# Prompt
Print what the records say exactly, and omit the pictures.

# Source records
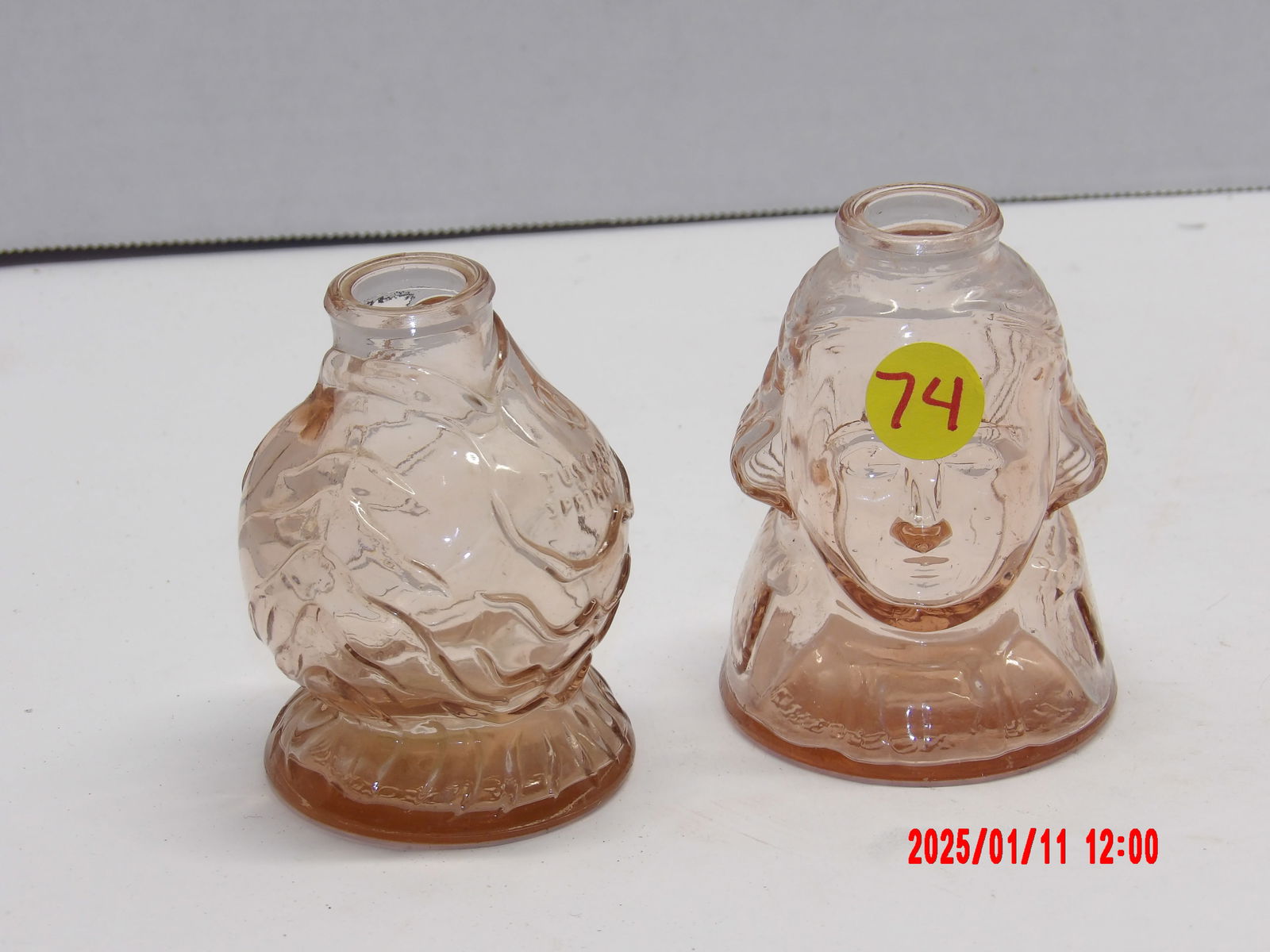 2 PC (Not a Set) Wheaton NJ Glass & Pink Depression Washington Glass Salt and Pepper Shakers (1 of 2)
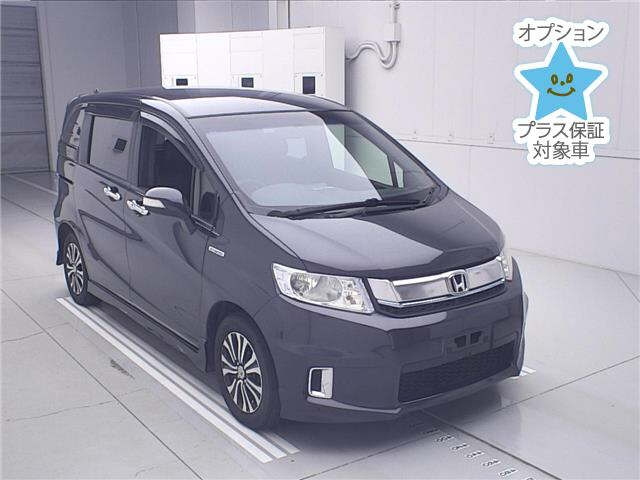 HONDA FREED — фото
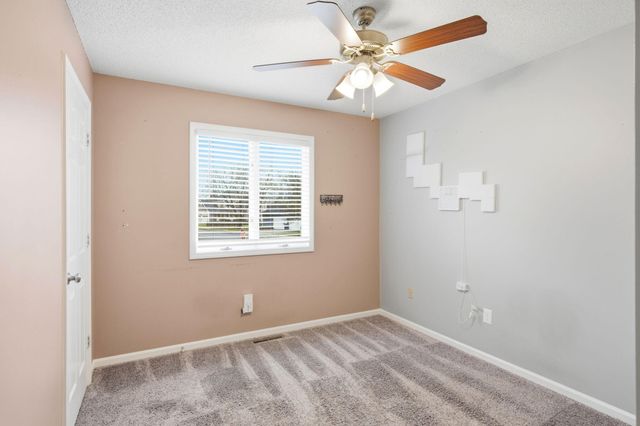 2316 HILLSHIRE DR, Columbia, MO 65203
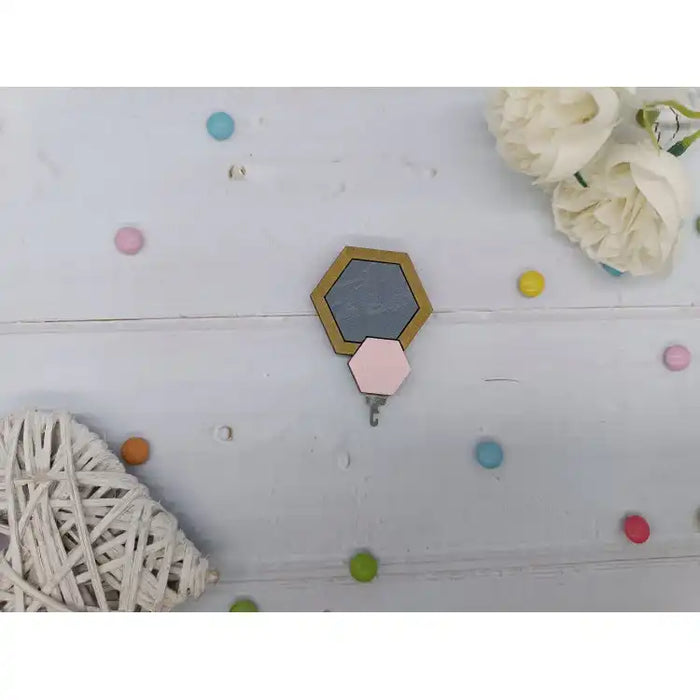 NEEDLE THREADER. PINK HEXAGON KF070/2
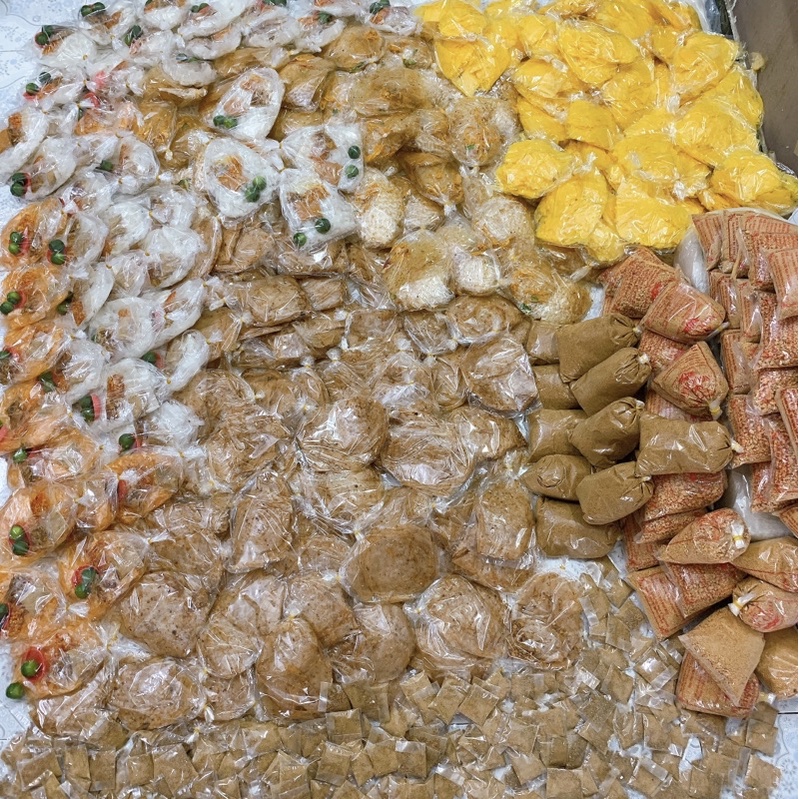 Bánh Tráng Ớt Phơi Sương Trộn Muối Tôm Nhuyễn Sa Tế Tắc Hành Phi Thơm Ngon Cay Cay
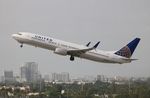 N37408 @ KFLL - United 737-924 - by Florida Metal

# Task solution
 2 PC (Not a Set) Wheaton NJ Glass & Pink Depression Washington Glass Salt and Pepper Shakers (1 of 2)
 HONDA FREED — фото
 2316 HILLSHIRE DR, Columbia, MO 65203
 NEEDLE THREADER. PINK HEXAGON KF070/2
 Bánh Tráng Ớt Phơi Sương Trộn Muối Tôm Nhuyễn Sa Tế Tắc Hành Phi Thơm Ngon Cay Cay
 N37408 @ KFLL - United 737-924 - by Florida Metal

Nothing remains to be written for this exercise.